Just as importantly, governance around supply-chain risk must be elevated to the same level as power, cooling, and uptime guarantees in contracts with hyperscalers and large tenants. Secure-by-design campuses will embed requirements for hardware provenance, firmware update hygiene, and ongoing vulnerability disclosure into master service agreements and construction/operations contracts, with clear accountability for remediation when a supplier is implicated in espionage or sabotage activity.

In a world where nation-state rivalries can play out through subtle manipulations of hardware, code, or timing rather than overt attacks, data center sponsors who cannot prove supply-chain integrity will face growing pressure from regulators, insurers, and investors who increasingly see hardware trust as a prerequisite for the resilience of AI and cloud infrastructure.

Engineering Campuses that Are Secure by Design

Once component hardware has been vetted, engineering campuses that are secure by design begins with assuming adversaries will first target internet-exposed and OT edge devices. From there, security architects must design an environment that makes it difficult for any foothold at the edge to be leveraged by attackers to effect a grid-scale disruption or safety-critical failure.

As geopolitically motivated campaigns against energy infrastructure accelerate, including recent Russia-nexus attacks on the Polish power system and Romania’s national oil pipeline operator, it is increasingly clear that both state-linked and criminal groups see energy and digital infrastructure as leverage points in a wider contest.
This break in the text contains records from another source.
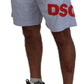 Light Blue Striped Printed Logo Print Casual Shorts
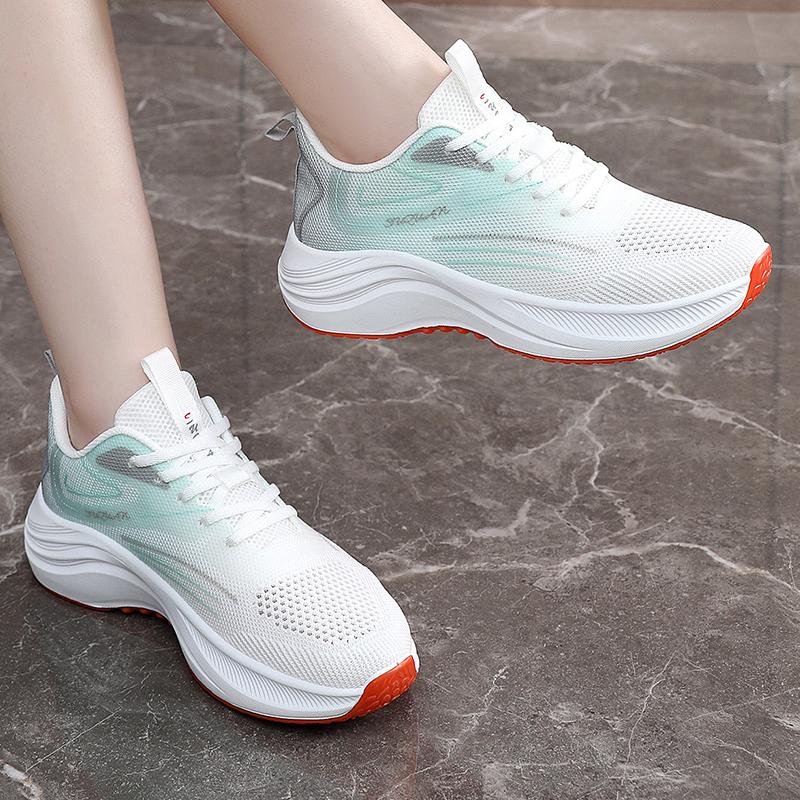 WomenGradient Pink Mesh Running Sneakers Soft Thick Cushion Sole Breathable Lightweight Non Slip Daily Walking Athletic Trainers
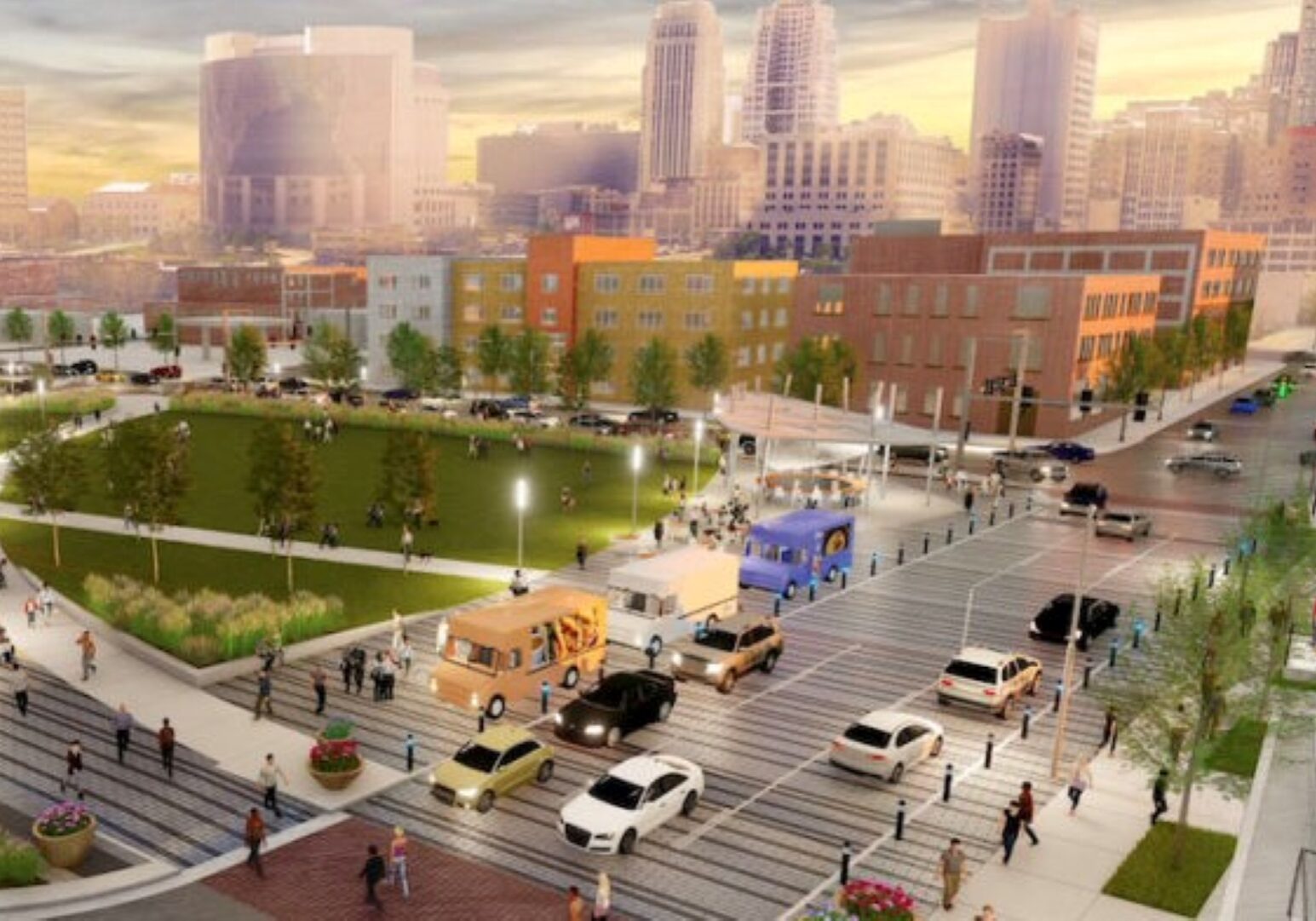 A rendering of how downtown and the River Market could be reconnected if the North Loop was removed.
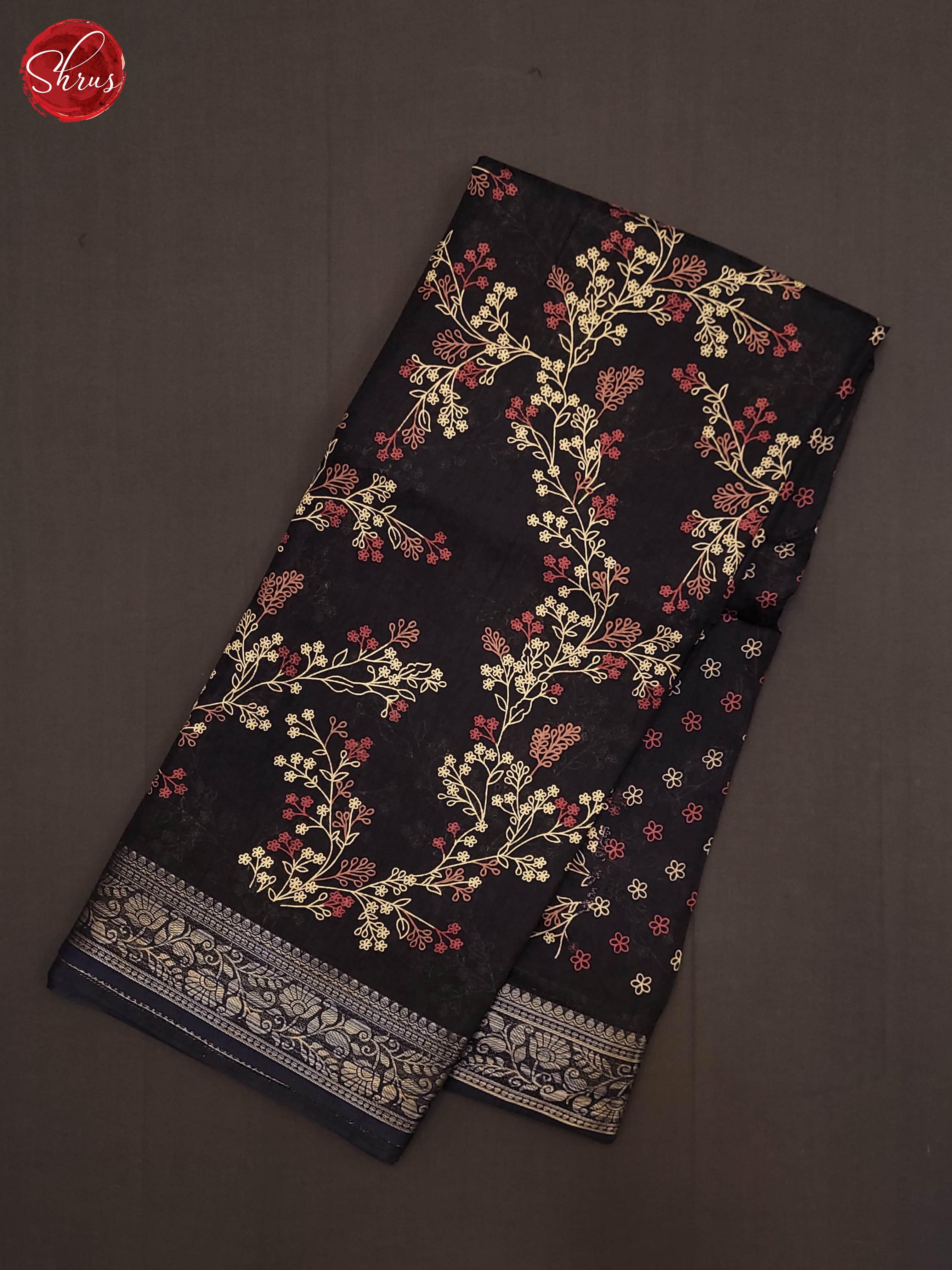 Navy Blue(Single Tone)- Semi Crepe Saree - Shop on ShrusEternity.com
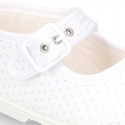 Cotton canvas little Mary Jane shoes with pink polka dots design for baby girls.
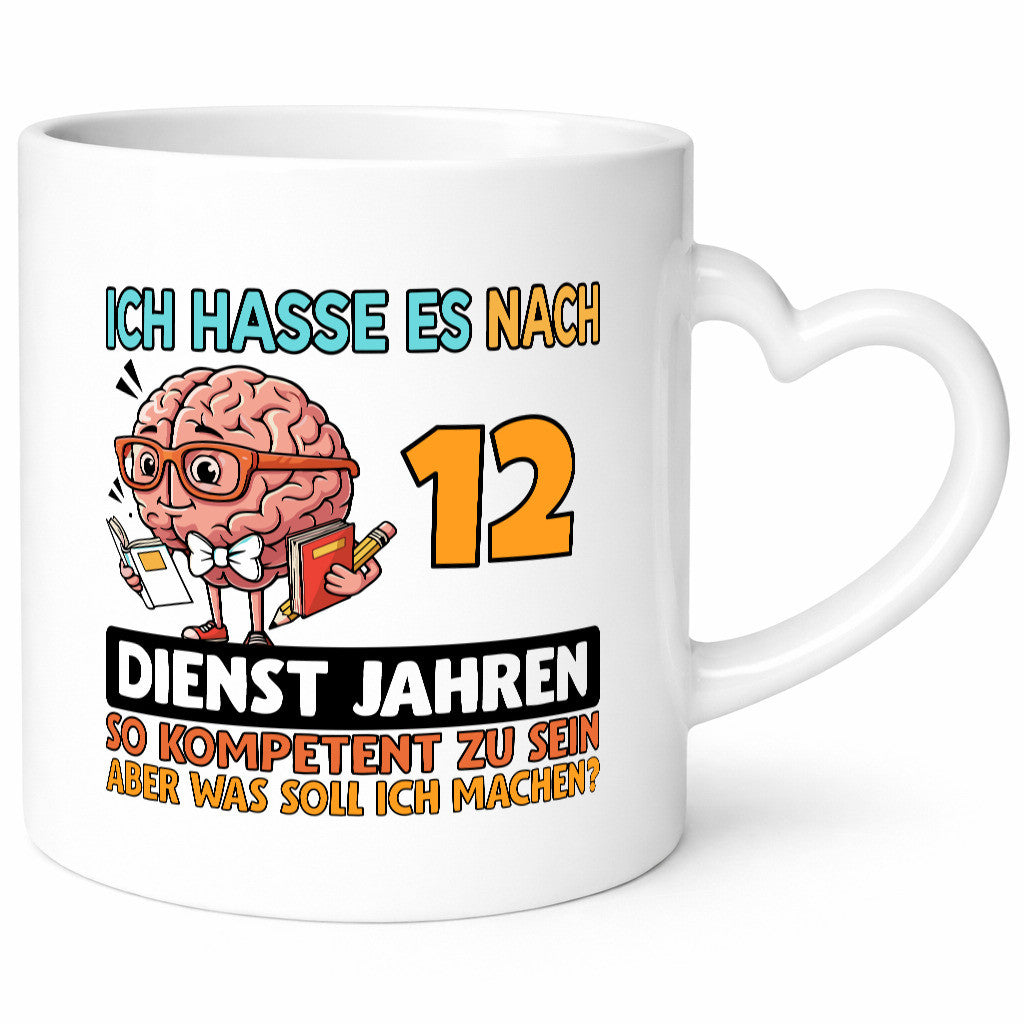 12 Dienstjahre | Arbeit Kompetent lustig Kollegen Büro Geschenk Tasse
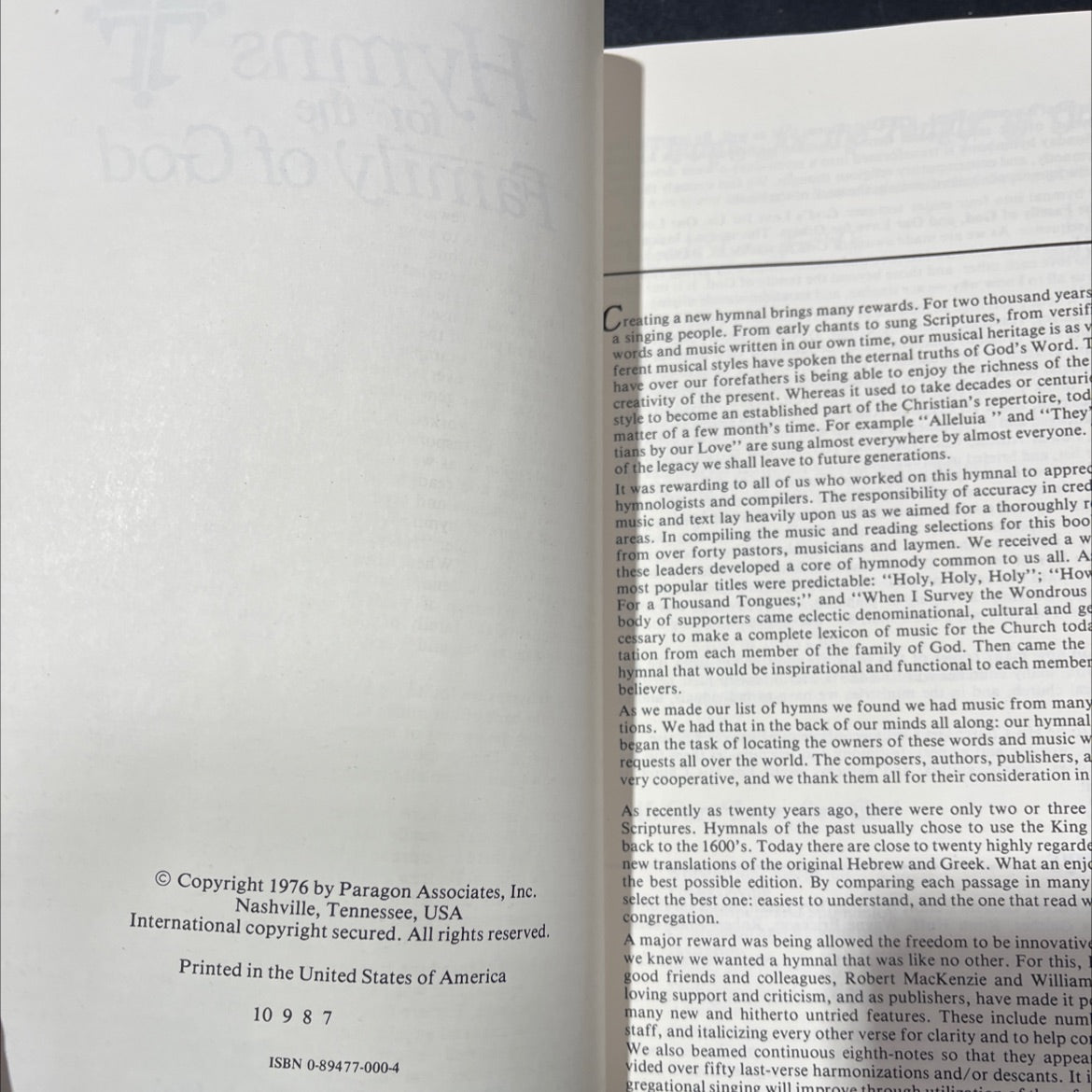 hymns + for the family of god book, by Paragon Associates, Inc., 1976 Hardcover image 3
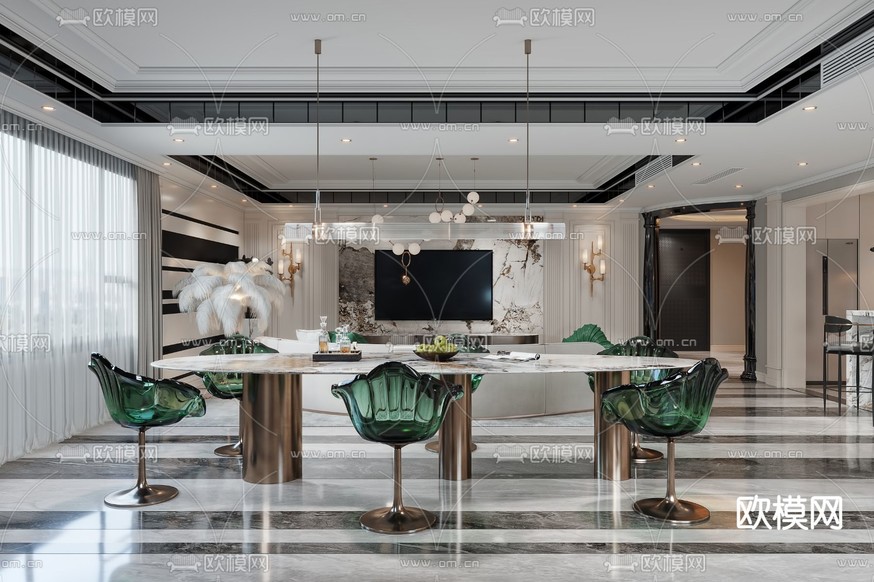 法式客厅 餐厅3d模型下载(渲染图7)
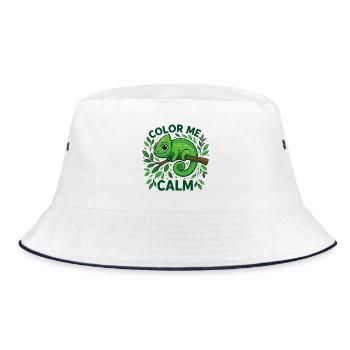 Ein ruhiges Chamäleon - Bucket Hat - Weiß/Navy - Vorne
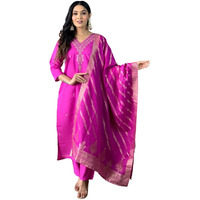 Naixa Women's Gajri Viscose Silk Embroidered Straight Kurta with Viscose Silk Pant and Vichitra Silk Jacquard Dupatta Sets (NX-S-JENA-Gajri-S)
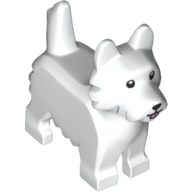 Деталь LEGO Animal, Dog, Terrier with Black Eyes and Nose and Pink Tongue Print, Белый
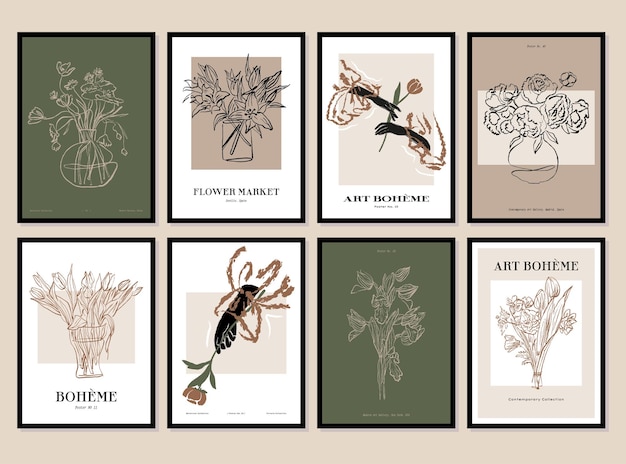 Bohemian collection of woman portrait and botanical illustrations for wall art gallery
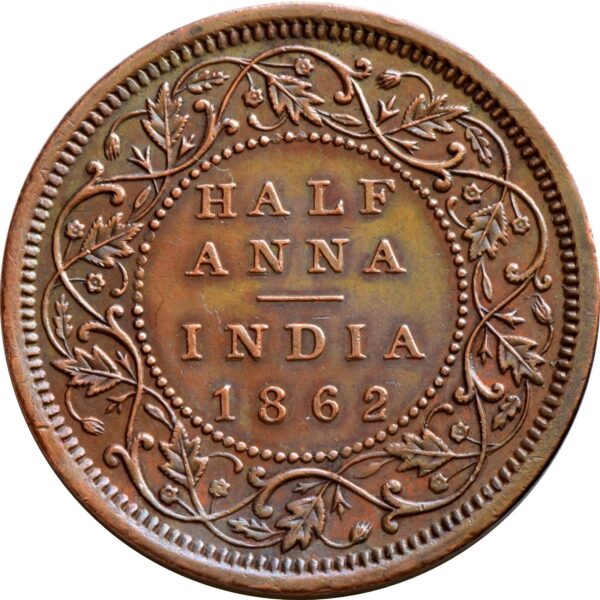 half anna 1862 copper coin - Image 2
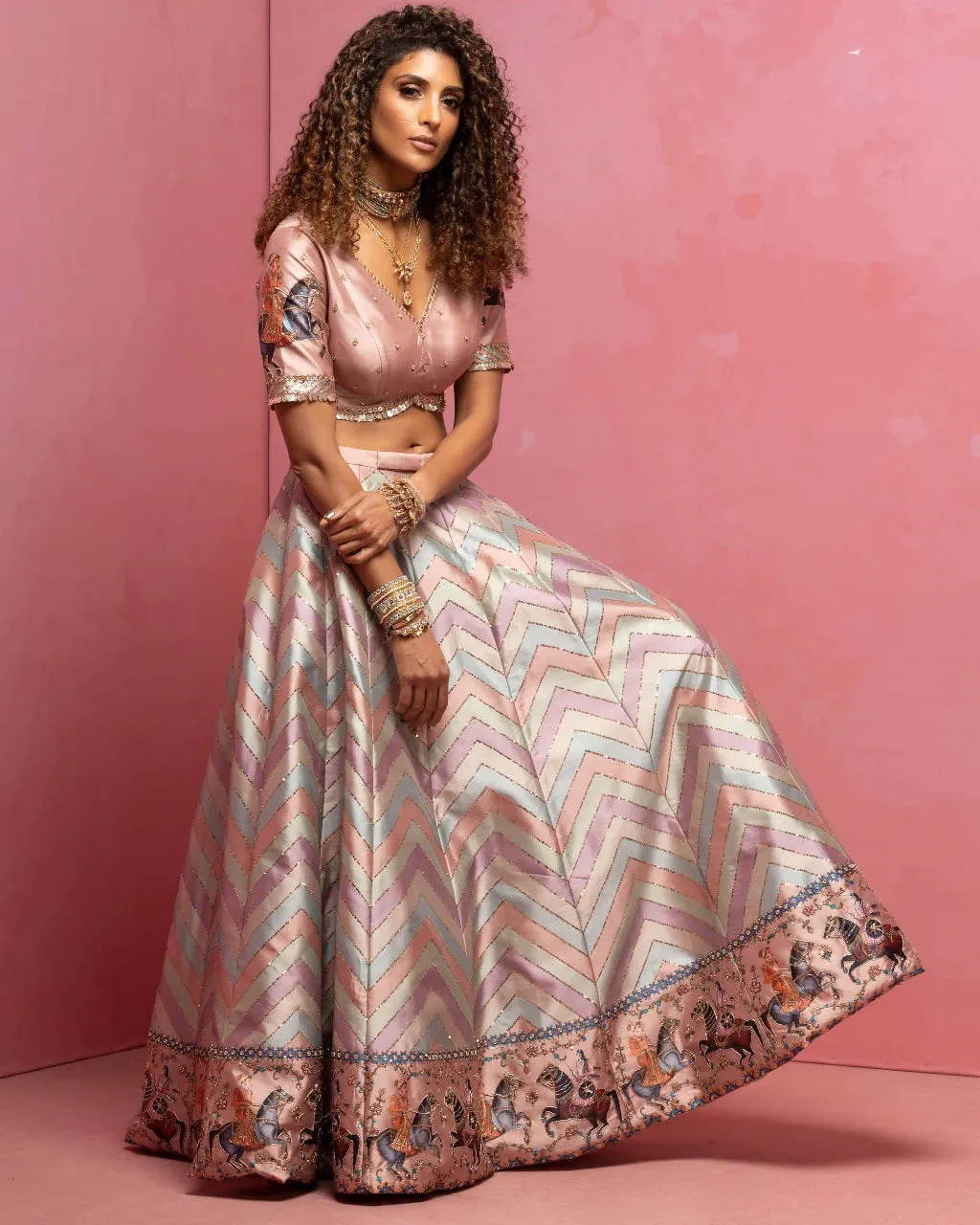 Multicolor Printed And Embroidered Lehenga Set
In Poland last December, actors linked to the Russia-sponsored Sandworm advanced persistent threat group (APT) focused on the distributed edge of the grid, compromising remote terminal units (RTUs), firewalls, and communications gateways at substations and distributed energy facilities.

This precedent-setting cyberattack—the first to directly target distributed energy resources in a NATO member’s power system—is indicative of the current threat landscape for Western critical infrastructure. For defenders, Sandworm’s campaign underscores how fragile edge devices are and how vital it is to harden the gateways that sit at the OT boundary. From an engineering standpoint, the first pillar of secure by design in data center campuses is disciplined network segmentation that treats OT as a distinct, high-consequence domain rather than an extension of corporate IT.

OT networks should be carved into functional and geographic zones. In practice, these zones should separate, for example, building management from generator controls, from battery systems, from grid-interconnection protection, with tightly controlled conduits between them. These zones should also be enforced by OT-aware firewalls and protocol-constrained paths that allow only the specific traffic required for operations.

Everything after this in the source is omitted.